Consumers enter 2016 with positive outlook on Britain’s supermarkets, Live & Breathe study shows

Craske: click and collect integral to future of retailing

Craske: click and collect integral to future of retailing

Research released today has revealed that consumers felt positive towards the UK’s supermarkets last year: two in five (41%) people say that the number one improvement to grocery retail in 2015 was ‘more value’, while a third (29%) – the second highest response – say it was ‘more choice / greater selection’.

According to the study, people also feel that supermarkets are offering more convenience than ever, with one in five (20%) saying so. This was followed by customer service (17% say so), though there were conflicting views here with 13% of respondents saying customer service is getting worse.

The State of Retail 2016 report was commissioned by retail marketing specialist Live & Breathe, asking 1,000 UK consumers for their views. The research also revealed that an increased click & collect service is improving the supermarket offering (14% said so), although less value appears to derive from the overall shopping experience: only 12% said it was getting better.

Viv Craske, head of innovation & digital at Live & Breathe, said: “2015 saw the growth of discounters as well as online and convenience formats, Amazon dipping its toes in the market and grocers slimming down ranges in large formats. But at the same time the supermarkets made a number of improvements to their grocery offering – and that hasn’t gone unnoticed by consumers.

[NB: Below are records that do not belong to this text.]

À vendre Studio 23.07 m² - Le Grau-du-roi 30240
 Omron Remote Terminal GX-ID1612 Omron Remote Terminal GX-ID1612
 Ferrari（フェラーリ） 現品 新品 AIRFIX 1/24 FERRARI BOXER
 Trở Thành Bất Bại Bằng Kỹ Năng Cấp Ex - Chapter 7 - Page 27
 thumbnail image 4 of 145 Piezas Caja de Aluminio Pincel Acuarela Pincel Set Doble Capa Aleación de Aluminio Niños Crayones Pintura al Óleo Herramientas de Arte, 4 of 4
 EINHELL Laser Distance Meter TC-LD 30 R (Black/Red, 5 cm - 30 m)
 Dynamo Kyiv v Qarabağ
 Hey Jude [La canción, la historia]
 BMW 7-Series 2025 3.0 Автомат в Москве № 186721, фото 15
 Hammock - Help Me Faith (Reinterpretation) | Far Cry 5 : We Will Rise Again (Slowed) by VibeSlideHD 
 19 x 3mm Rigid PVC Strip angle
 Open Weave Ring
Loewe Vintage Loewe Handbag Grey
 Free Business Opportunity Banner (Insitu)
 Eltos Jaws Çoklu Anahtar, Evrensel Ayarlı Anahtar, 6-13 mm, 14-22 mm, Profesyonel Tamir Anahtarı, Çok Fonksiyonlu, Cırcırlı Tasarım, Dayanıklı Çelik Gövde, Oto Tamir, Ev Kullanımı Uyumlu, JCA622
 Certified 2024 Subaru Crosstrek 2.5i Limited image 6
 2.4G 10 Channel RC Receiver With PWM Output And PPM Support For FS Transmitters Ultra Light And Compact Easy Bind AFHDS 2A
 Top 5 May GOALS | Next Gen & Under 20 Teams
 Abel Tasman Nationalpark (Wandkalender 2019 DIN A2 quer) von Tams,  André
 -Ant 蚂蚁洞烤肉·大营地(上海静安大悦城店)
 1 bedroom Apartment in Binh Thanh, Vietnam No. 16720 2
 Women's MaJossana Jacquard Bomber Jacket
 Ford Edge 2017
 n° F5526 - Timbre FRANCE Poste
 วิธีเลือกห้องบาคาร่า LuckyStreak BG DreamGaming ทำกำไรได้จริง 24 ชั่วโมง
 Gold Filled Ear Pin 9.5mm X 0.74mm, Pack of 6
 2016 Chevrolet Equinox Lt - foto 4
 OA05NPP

“Click and collect appears to be a key factor in the future of retailing – both in and out of the grocery sector – 18% of shoppers say it changed the way they shopped last year. It’s something that has taken some retailers a while to get right and hasn’t always run smoothly, but is fast becoming an integral element of the supply chain and offering to shoppers.”

Shoppers’ top three complaints about supermarkets were: they were too busy with too-long queues (25%), stores all look the same/lacking character (15%) and customer service (13%).

Craske continues: “The percentage of shoppers reporting better value is something we saw across the sectors. While two in five of us cited supermarkets as being too busy, this figure was lower than those for the high street and shopping centres and malls.

“It seems that supermarkets are getting price and choice right. In 2016, the area of focus for supermarkets should be on customer service, personal service and reducing queues in-store. The grocer that focuses on these areas while maintaining scores for value, choice and a successful click and collect offering will gain a clear advantage with shoppers and maintain market share.”